High level representatives from Agriculture Ministries of ASEAN Member States recently discussed the emerging bamboo locust outbreak in Lao PDR to seek cooperation in tackling a potential cross-border problem.
At a recent Steering Committee Meeting of the ASEAN Sustainable Agrifood Systems (ASEAN SAS) in Malaysia, ASEAN delegates voiced their strong concerns over the spread of the locust wave in Laos and requested support from relevant parties including ASEAN SAS before the issue would get out of control for the region.
“Last year [in 2015] we used more than 28 tons of insecticides [to control the bamboo locust]. “There were outbreaks in three provinces. But this year , there are outbreaks in five provinces,” said Dr. Phanpradith Phandala, Director of Planning and Cooperation Division from Department of Agriculture of Lao PDR.
“We request ASEAN SAS to provide technical support on the application of bio inputs to manage the bamboo locust. Laos has to use a lot of chemicals to control the locust although the country has a ‘green agriculture’ policy. But since it is an outbreak and the [affected] areas are very big, we will have to resort to chemical sprays,” said Dr. Phandala.
The yellow-spined bamboo locust was first detected in Laos in October 2014 in Luang Prabang province, before spreading to Phongsaly and Huaphan provinces. Locusts were reported in 140 places in 2014, but in 2015 they had been recorded in more than 500 locations in 14 districts of the three provinces, despite increased efforts to stop them.
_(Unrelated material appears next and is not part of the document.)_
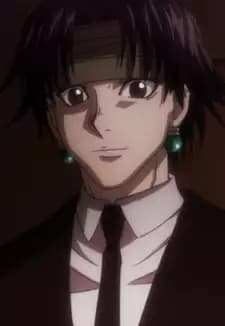 Chrollo Lucilfer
During the first invasion of the locusts in 2015, over 4,300 ha of crops were damaged or destroyed in Luang Prabang province and Huaphan province alone. This included upland rice, maize and Job’s tears, and almost 3,500 families were affected by the locust outbreak.
Dr. Surmsuk Salakpetch, Deputy Director General of Department of Agriculture, Thailand told the meeting that Thailand would set technical cooperation with Lao to find ways to control the pest.
“Based on Thailand’s survey in Laos, the outbreak is in the bamboo forest in the mountainous area and it is very difficult to control. Based on the research, we can use poisonous bait and biological control against adult bamboo locusts.
“If we do not do something effective, it will be a problem of this region because the locust can move quickly. They are attracted by food like bamboo, corn, banana leaf and rice. We urgently need to control this pest, otherwise it will spread to other [ASEAN] Member States,” said Dr. Surmsuk.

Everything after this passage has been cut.